**Problem statement**:
Look for the line with "Barreda: Rajoy plantea"; please transcribe it and every later line in the entries exactly, up to the end, leaving pictures out.

*** Begin section ***

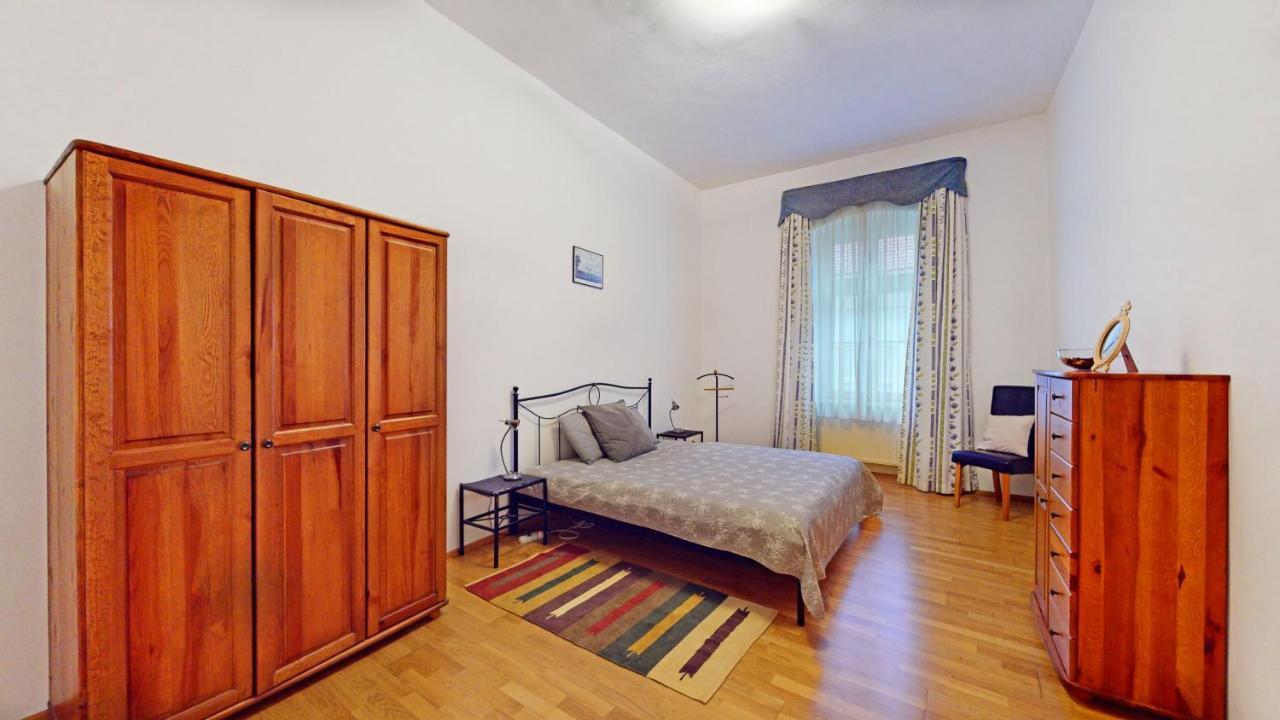 Central Apartmany Biela Street Братислава Екстер'єр фото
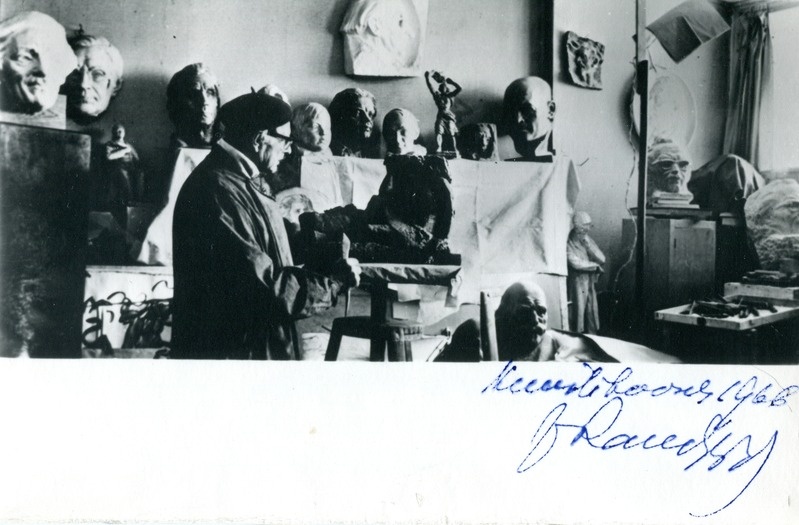 Juhan Raudsepp ateljees
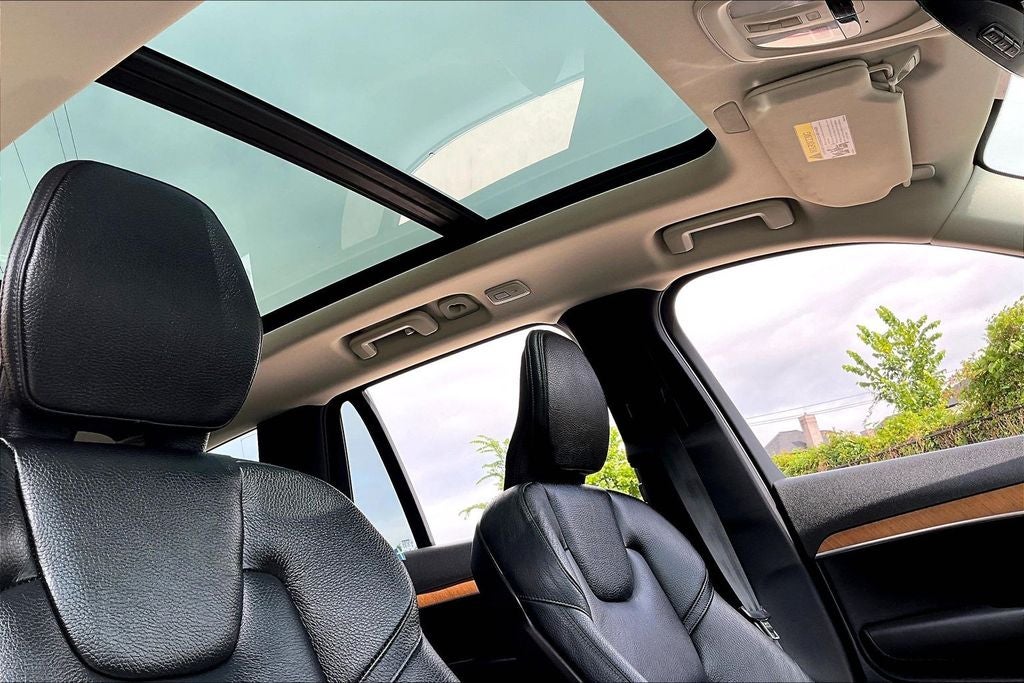 2023 Volvo XC90 B6 Core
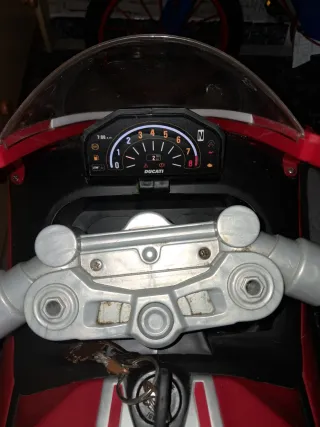 Moto Eléctrica Ducati 12V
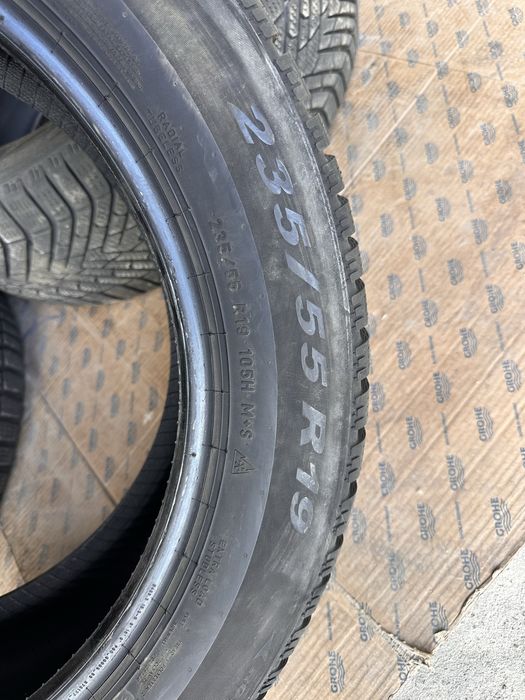 Резина зимная.   Pirelli.   235.55.19   Britain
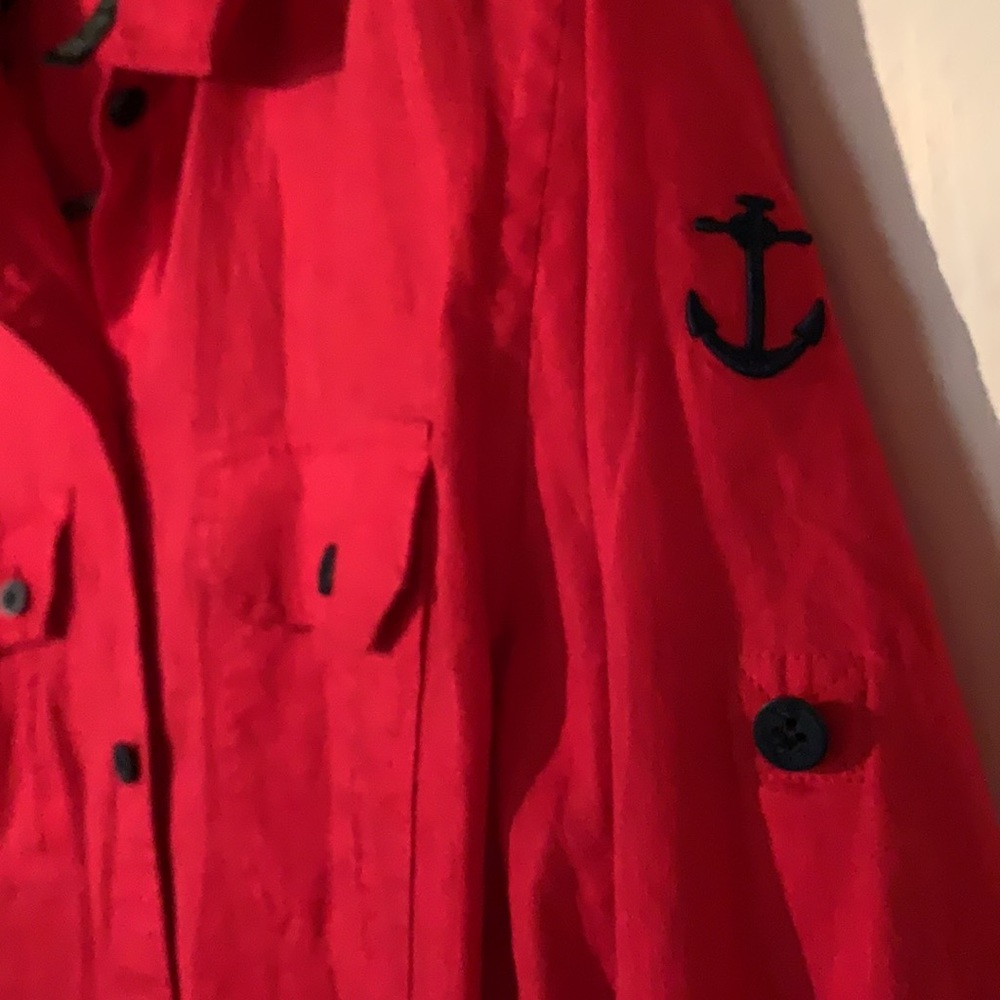 Button up - Picture 3 of 6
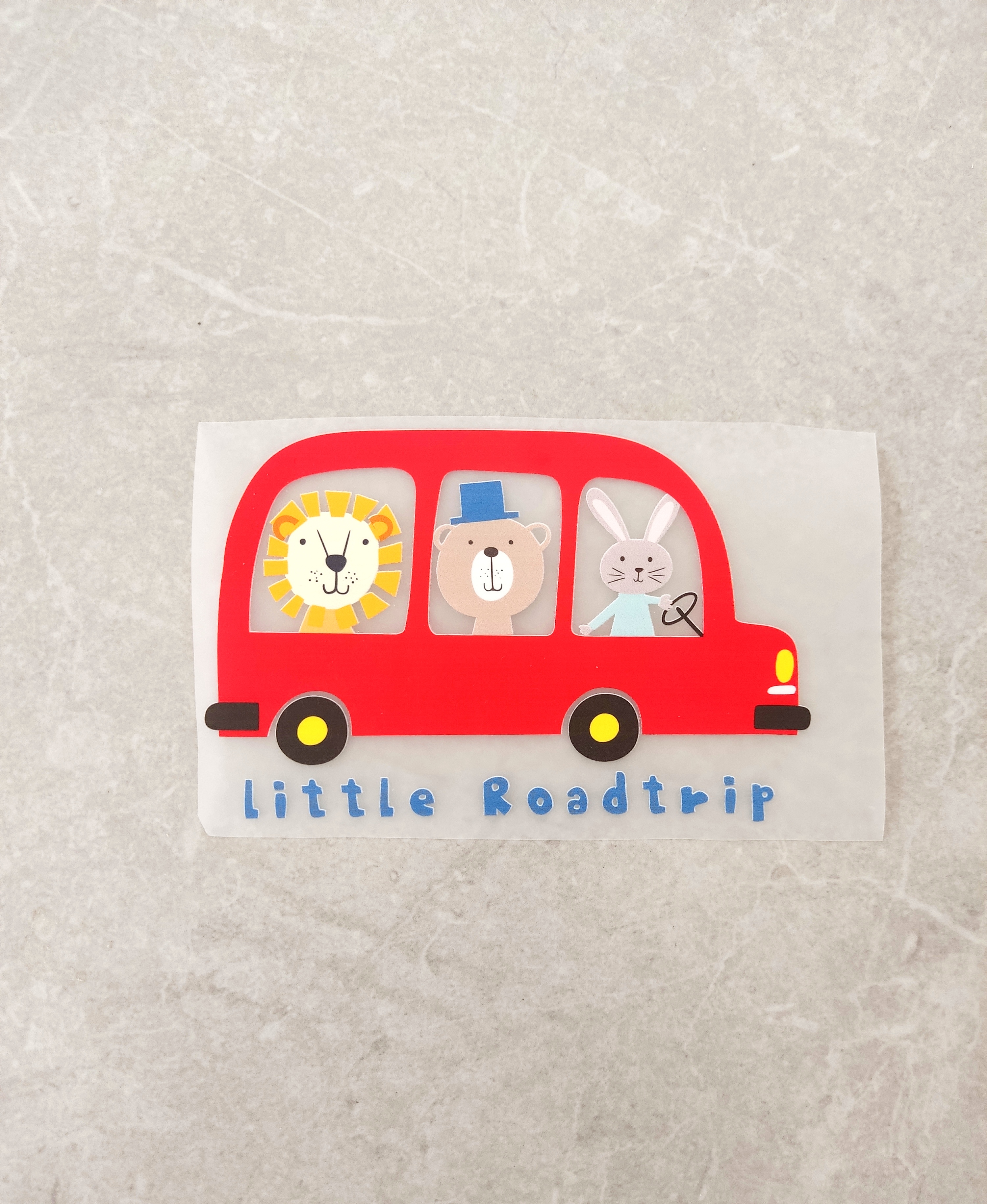استیکر پارچه و لباس، ماشین قرمز و حیوانات little roadtrip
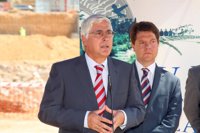 Barreda: Rajoy plantea que cada autonomía haga lo que quiera con la televisión porque así se asegura que le hagan caso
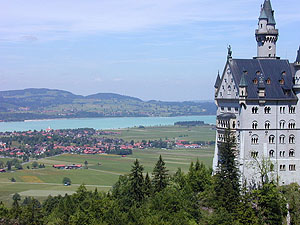 Schloss Neuschwanstein mit dem Forggensee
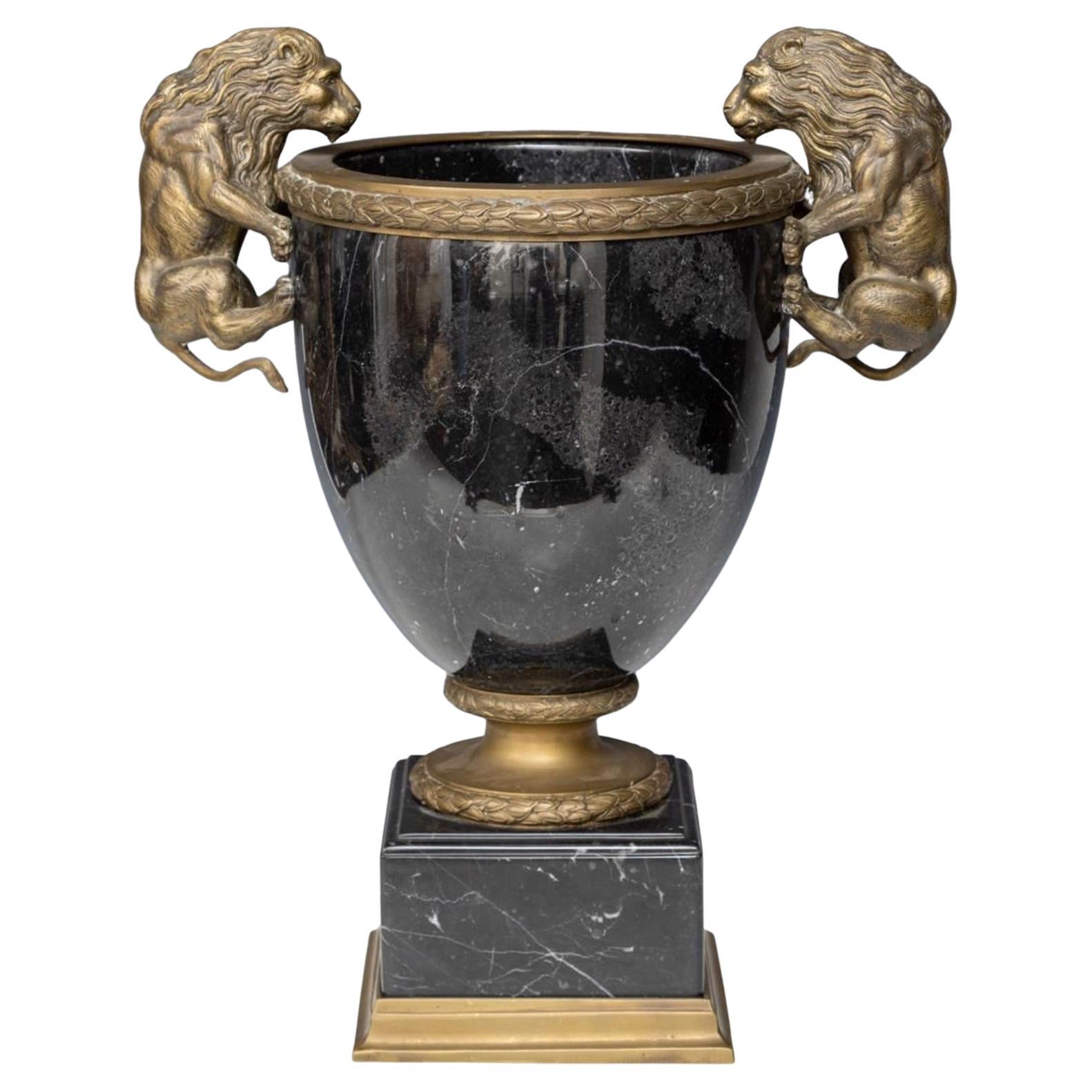 Important vase Napoléon III, 19e siècle en vente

*** End section ***

**Output of the task**:
 Barreda: Rajoy plantea que cada autonomía haga lo que quiera con la televisión porque así se asegura que le hagan caso
 Schloss Neuschwanstein mit dem Forggensee
 Important vase Napoléon III, 19e siècle en vente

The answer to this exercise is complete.